I voted this year in the fan poll. Maybe it’s small, but it made me feel like I had a hand in the celebration, a quiet part in the story. I’ve spent countless hours lost in The White Stripes’ world, so seeing them honored felt deeply personal. I carry Chris Cornell’s memory with me every day, inked on my arm as a reminder of what survival sounds like. Donald Glover introducing OutKast’s induction was a full-circle moment in and of itself.
With Twenty One Pilots covering Seven Nation Army, suddenly I was back in the crowd of one of the best arena shows I’ve ever attended. Olivia Rodrigo sang the song my wife walked down the aisle to, and Joe Perry took the stage with them all. What an odd constellation of artists who somehow orbit the same sky in my head.
Even Meg White’s absence felt poetic. A silent validation that sometimes choosing peace over performance is the bravest thing an artist can do.

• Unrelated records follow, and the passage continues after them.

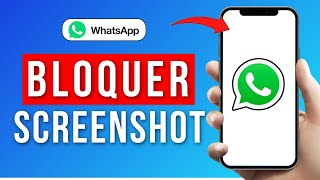 Comment Bloquer Capture D'écran Sur Whatsapp ( FACILE )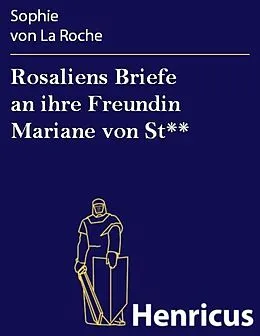 E-Book (epub) Rosaliens Briefe an ihre Freundin Mariane von St** von Sophie von La Roche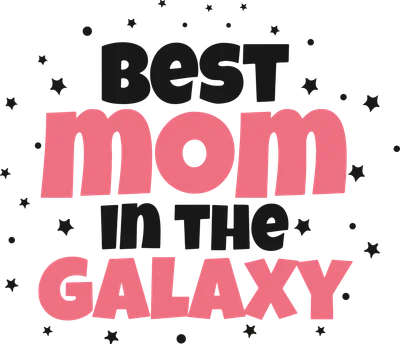 Hình ảnh chữ 'Best Mom In The Galaxy' màu hồng và đen trên nền xám với các chấm và ngôi sao nhỏ.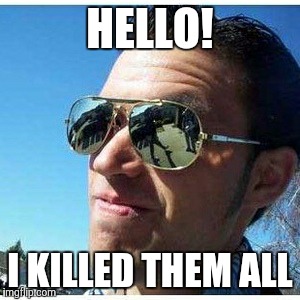 HELLO! I KILLED THEM ALL | made w/ Imgflip meme maker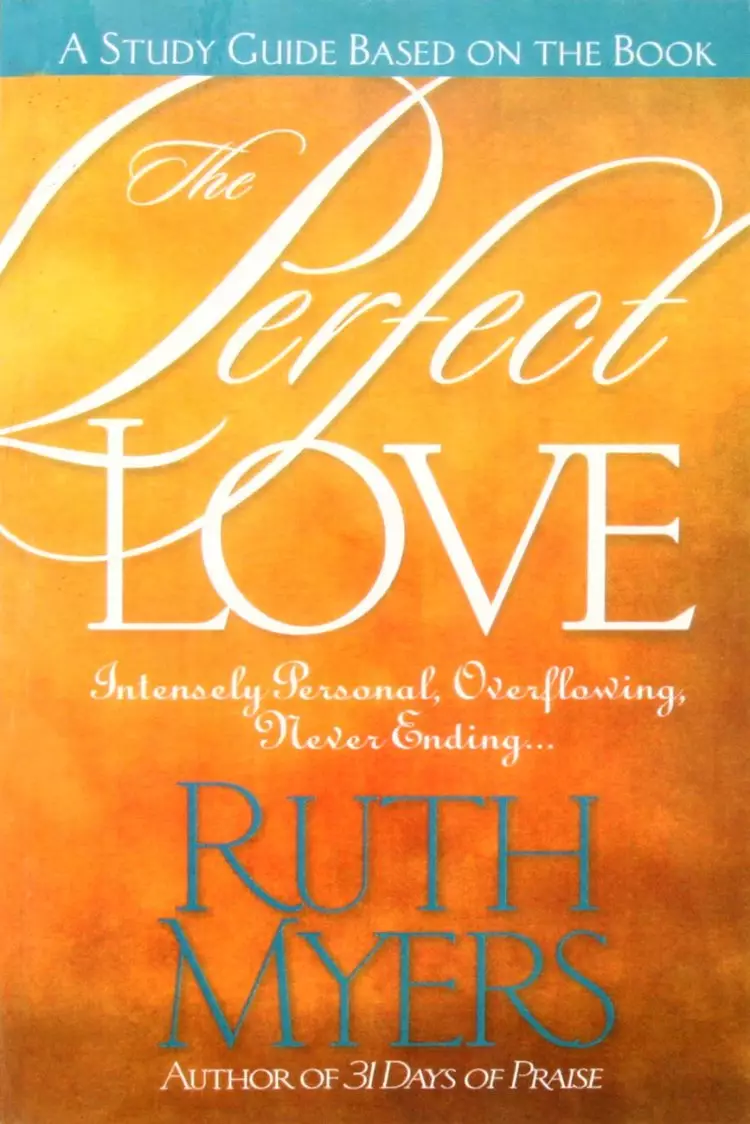 Perfect Love (Study Guide)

There’s this idea that popular art isn’t important, at least in my head…that if everyone connects with it, it must be shallow. But that luckily has been a rewritten sentiment for me. The artists who filled that stage built the scaffolding I’ve climbed creatively for years. They made me believe that strange, passionate, imperfect people could shape culture and still stay human.
This year, this event in general, hit differently. The timing, the lineup, the memories—it all lined up like a quiet nudge from the universe saying, keep going.
Because when the people who raised your voice finally get their flowers, it’s hard not to feel like you’re growing right alongside them.